_Data extracts_.
- - -
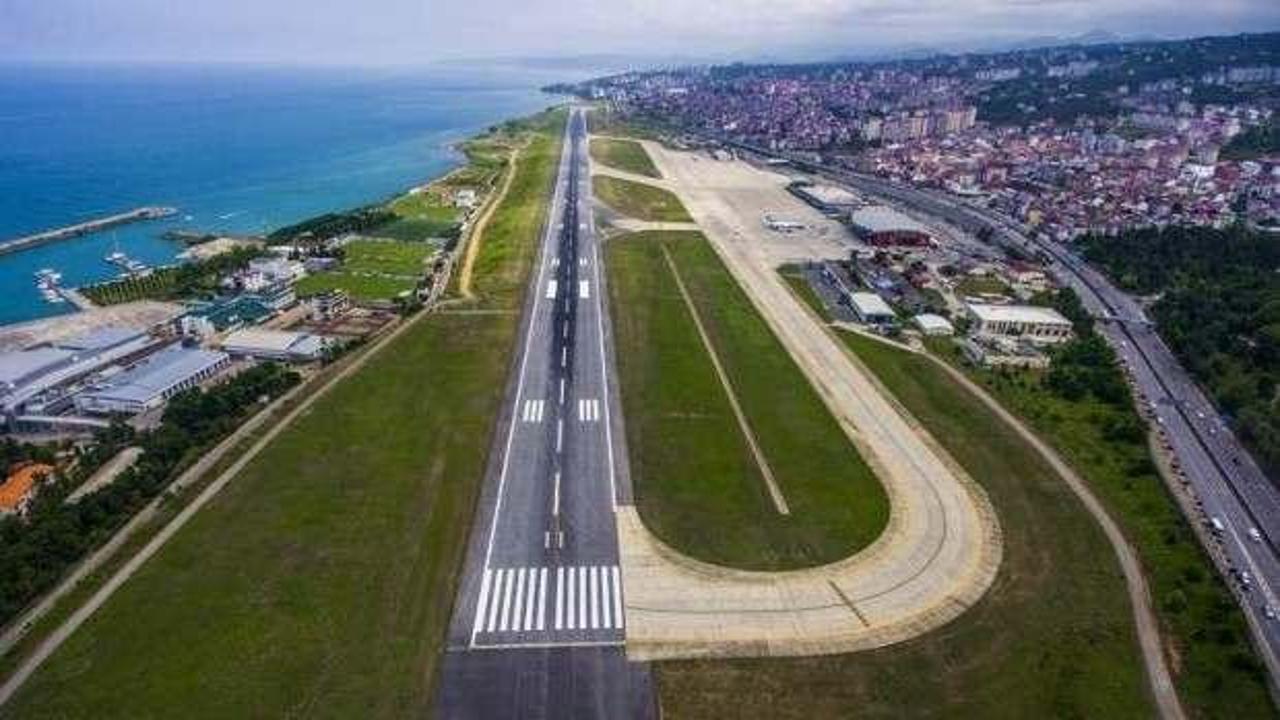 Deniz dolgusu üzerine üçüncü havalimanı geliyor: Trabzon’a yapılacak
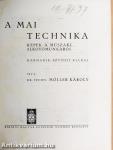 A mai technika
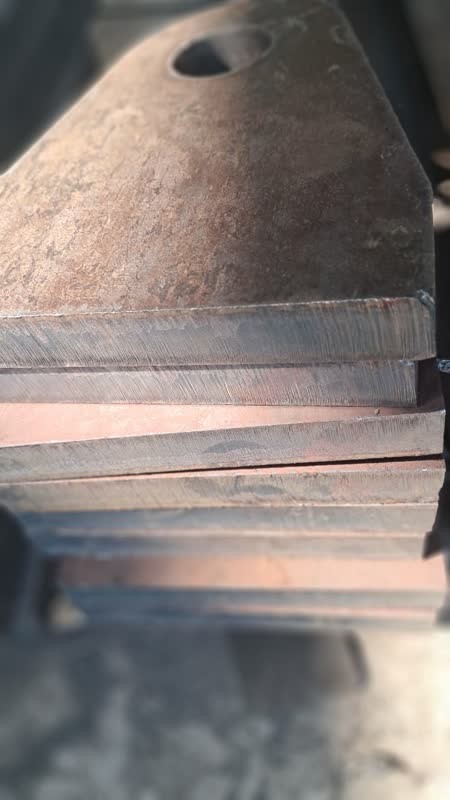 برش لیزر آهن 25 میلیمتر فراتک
- - -
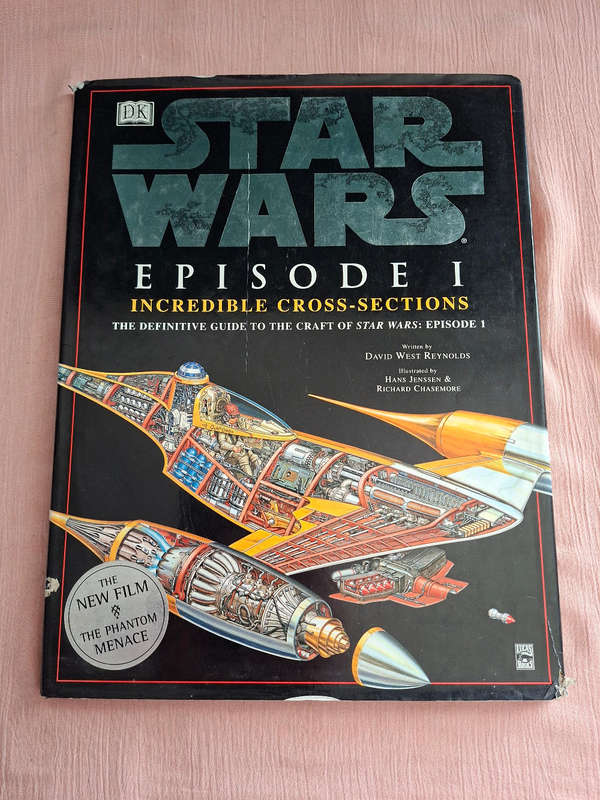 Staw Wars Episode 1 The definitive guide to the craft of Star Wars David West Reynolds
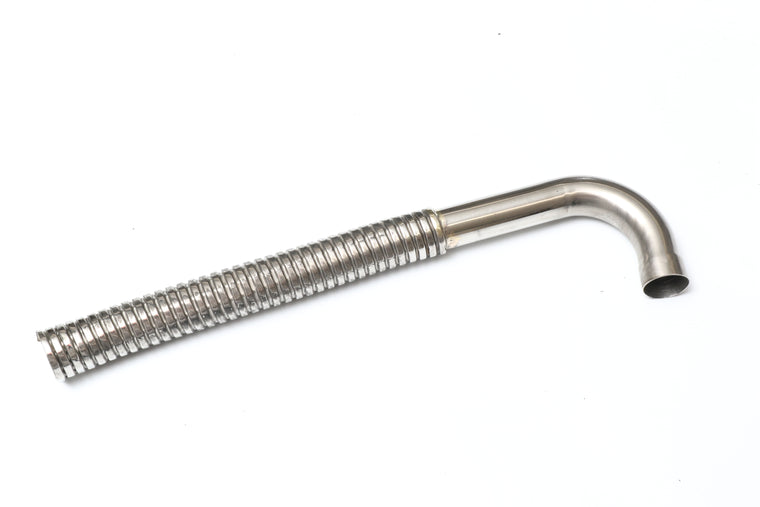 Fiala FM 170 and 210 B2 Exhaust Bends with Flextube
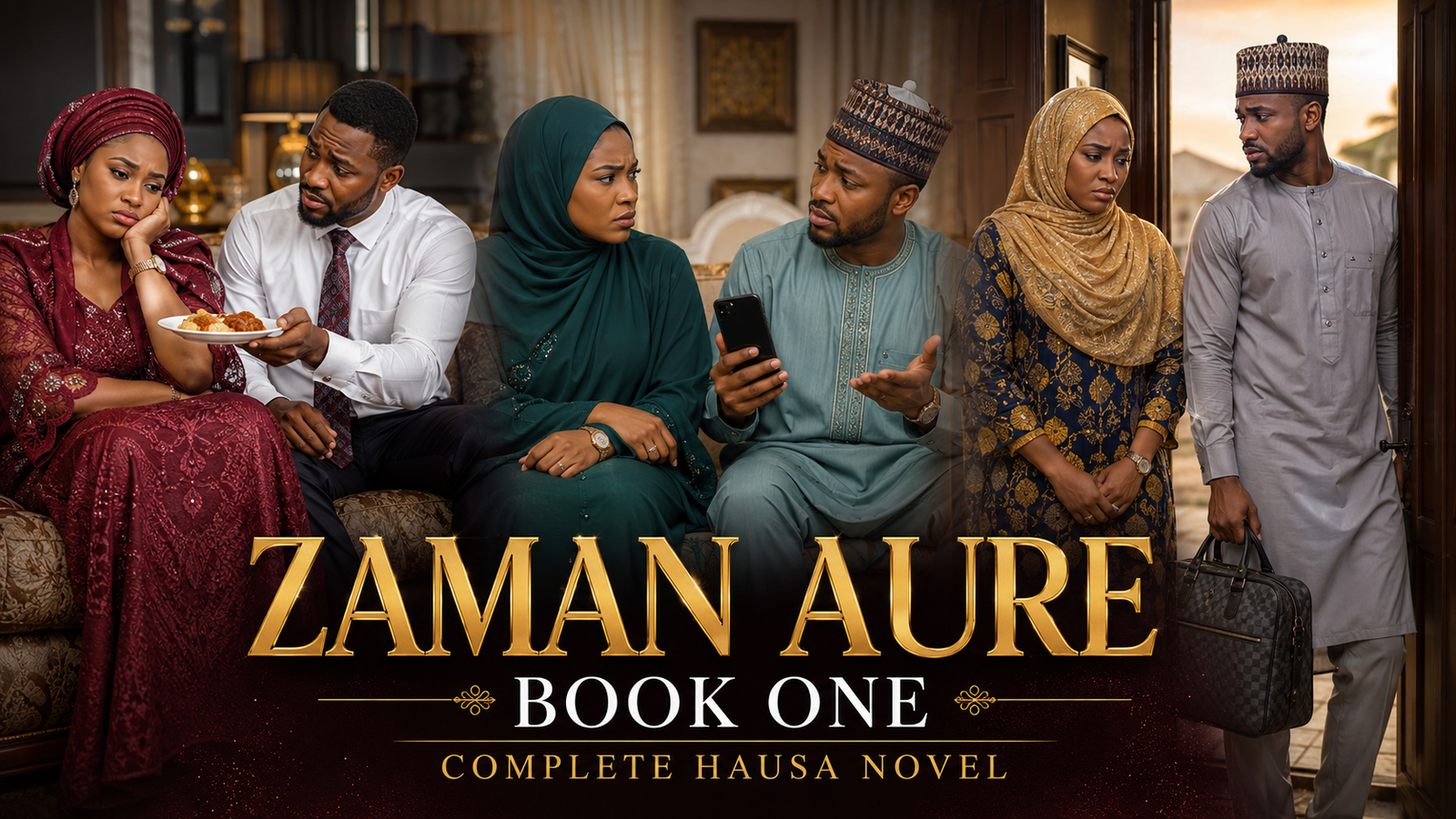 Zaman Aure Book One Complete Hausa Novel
- - -
_Work instruction_. Look above for the line with "Deniz dolgusu üzerine" and the line with "برش لیزر آهن 25 میلیمتر فراتک"; set down those two lines and all lines between them exactly, without pictures and without anything else.

_Your solution_.
 Deniz dolgusu üzerine üçüncü havalimanı geliyor: Trabzon’a yapılacak
 A mai technika
 برش لیزر آهن 25 میلیمتر فراتک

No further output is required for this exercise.